Deshalb begrüße ich  den offenen Brief der über 150 Einzelpersonen und Gruppen aus dem antirassistischen Spektrum, in dem das Bündnis aufgefordert wird, gesellschaftlichem Rassismus offensiv entgegenzutreten, grundsätzlich für die Rechte von Flüchtlingen einzutreten und Abschiebungen konsequent abzulehnen. Das „Friedenspolitische Manifest“ von Tobias Pflüger und Judith Demba, das in 18 Punkten ein „klares friedenspolitisches Profil“ formuliert, habe ich mit unterzeichnet. Eine starke Linke kann schon neues und frisches Leben in den Bundestag bringen. Aber alles bringt am Ende nichts, wenn die Menschen nicht wieder Lust und Mut bekommen, sich selbst in ihre eigenen Angelegenheiten – vom Kindergeld bis zur Rente -  einzumischen, sich selbst zu vertreten.
Und dabei kann eine Partei nur helfen, das kann sie nie ersetzen. Genau wie wir Künstler mit unsern Liedern dabei nur helfen können. Aber eben auch müssen.
„Ist der Schriftsteller nur da, um die höchste Sprachmeisterschaft zu erreichen oder besteht seine Aufgabe nicht vielmehr darin, mit seinem Schreiben das Unrecht auf der Welt, wo immer es sich auch zeigt. Zu bekämpfen, die Menschen für soziale und moralische Einsichten empfänglich und für sich selbst verantwortlich zu machen, jeden Krieg als Verbrechen zu brandmarken, und auf die Gefahr hin, ein Leben lang verkannt und verdächtigt zu werden, stets einer Gesellschaftsordnung das Wort zu reden, in welcher gleiches Recht für jeden gilt und die Freiwilligkeit zur Einordnung in das Ganze schließlich zur sittlichen Regel wird?

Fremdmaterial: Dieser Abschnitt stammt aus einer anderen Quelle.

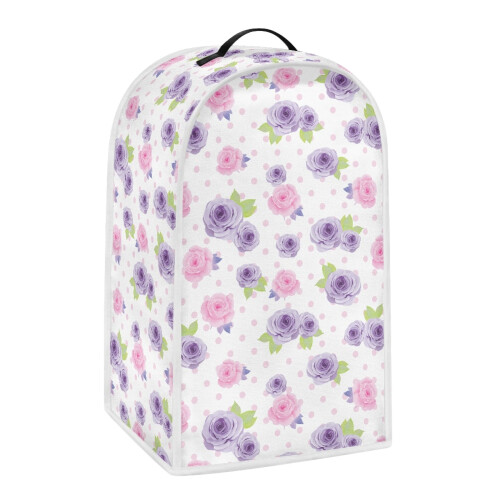 Rose-Spot Pattern Spill-Proof Kitchen Blender Dust Covers for Kitchen Use Stylish 1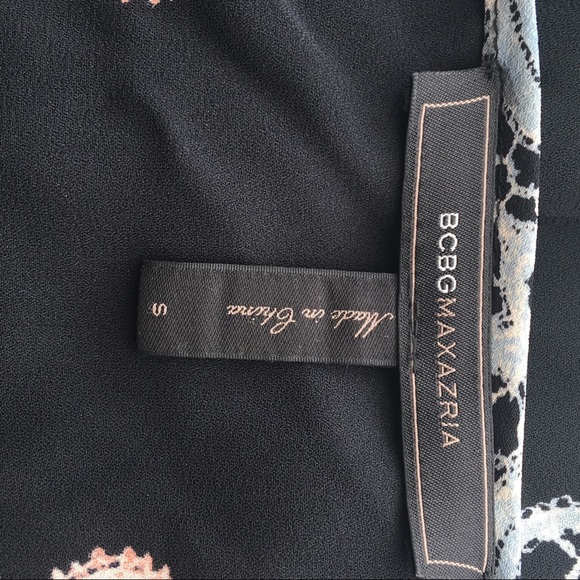 BCBG Maxazria Lois Kimono Dress - Picture 7 of 8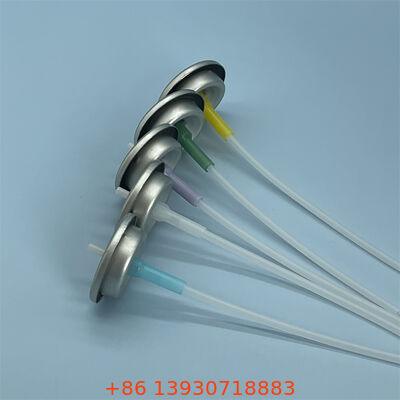 알루미늄 컵 1 인치 측정 된 용량 스프레이 에어로졸 제품용 에어로졸 밸브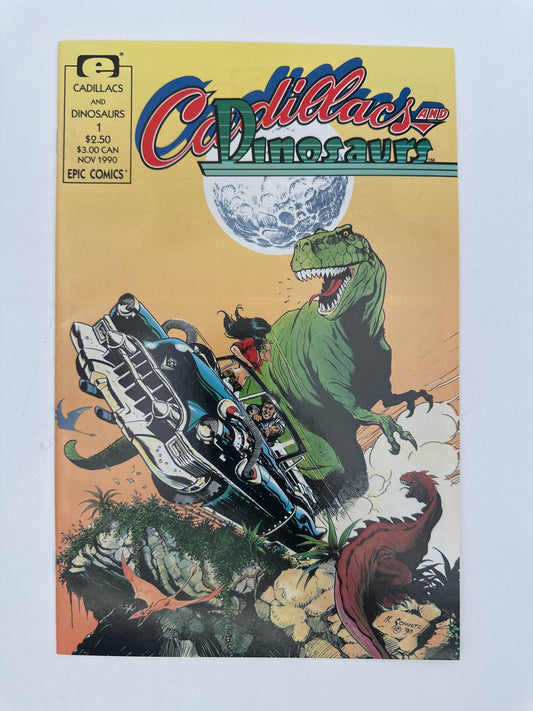 Cadillacs and Dinosaurs #1 VF/NM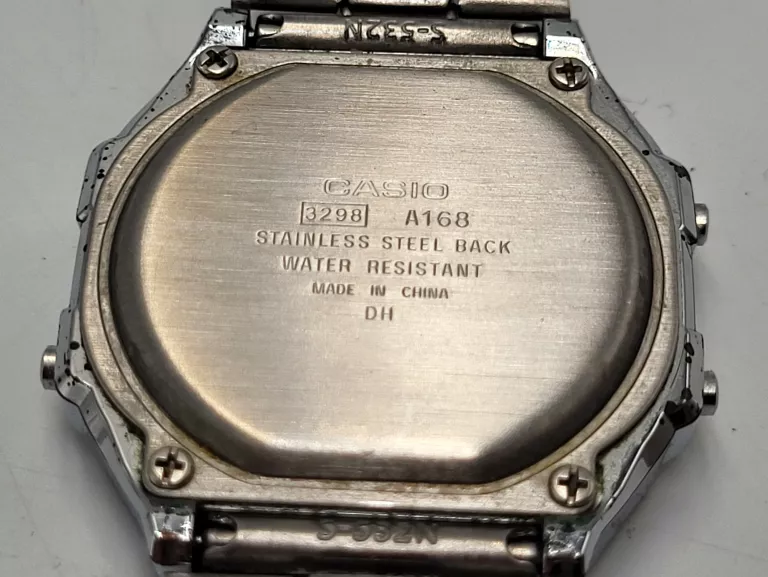 ZEGAREK CASIO VINTAGE 3298 A168 A168WA-1YES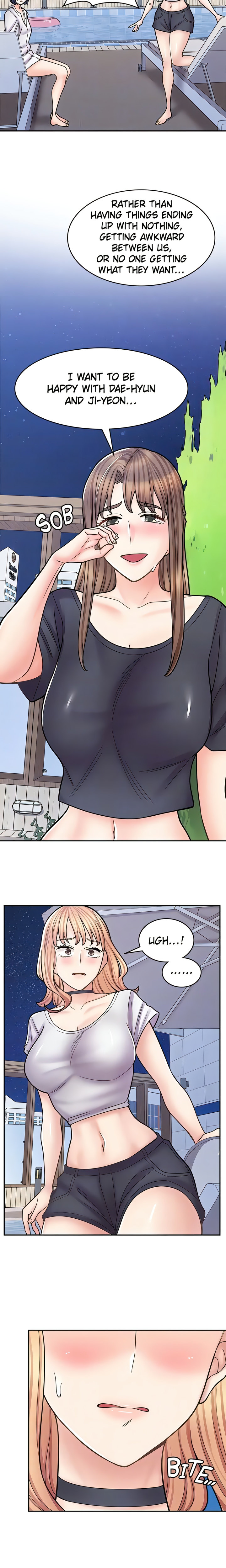 Erotic Manga Café Girls - Chapter 55 - picture 17
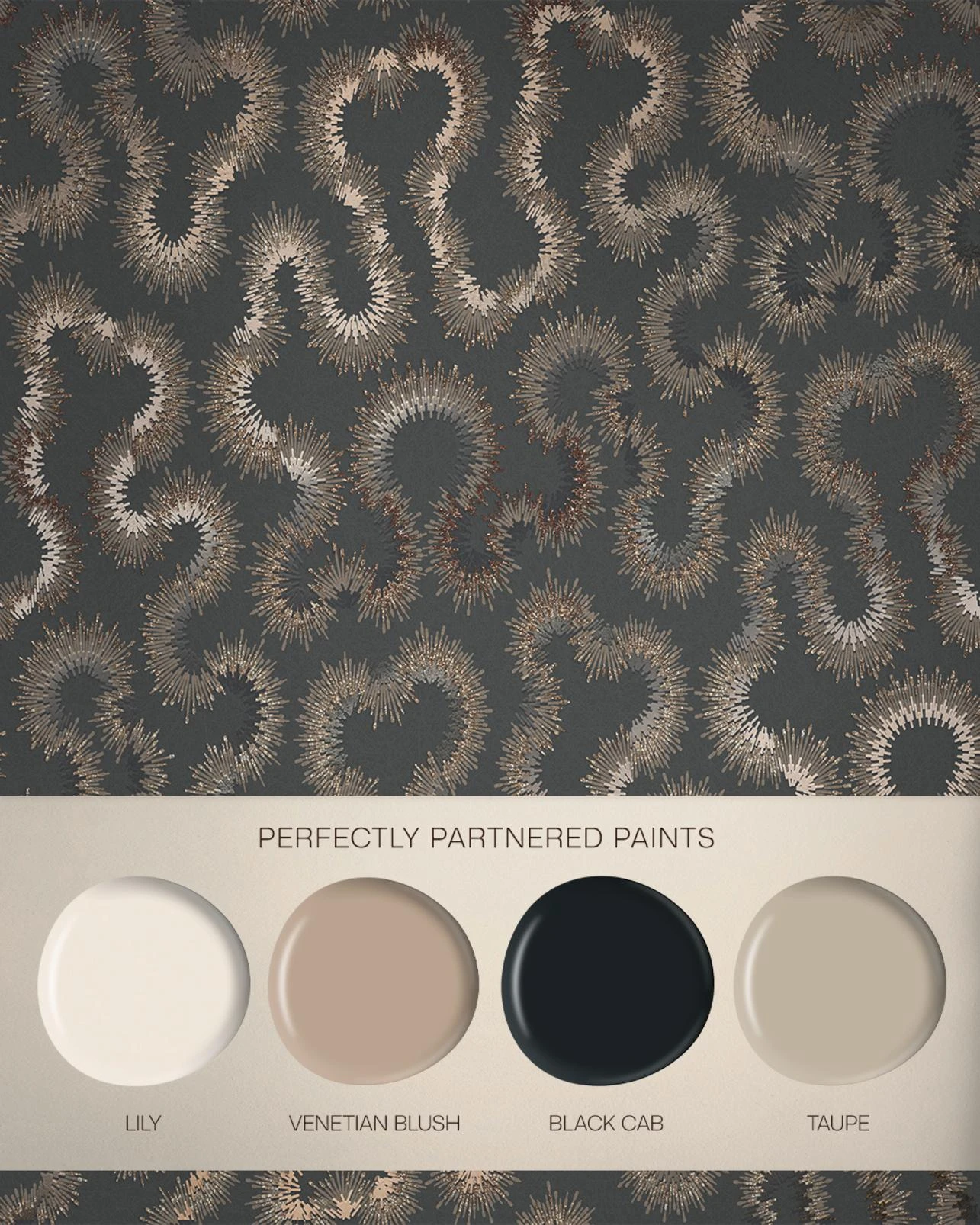 Satellite Noir Wallpaper - 146418_FLATLAY_SATELLITE_NOIR_LILY_VENETIANBLUSH_BLACKCAB_TAUPE.jpg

Von da ab wurde mir klar, dass ich nur noch ein Schriftsteller im letzteren Sinn, also zeitlebens ein sogenannter „engagierter“ Schriftsteller sein konnte, dessen Talent zugleich eine unabdingbare menschliche und soziale Verpflichtung war.“
Diesen Worten von Oscar Maria Graf ist nichts mehr hinzuzufügen.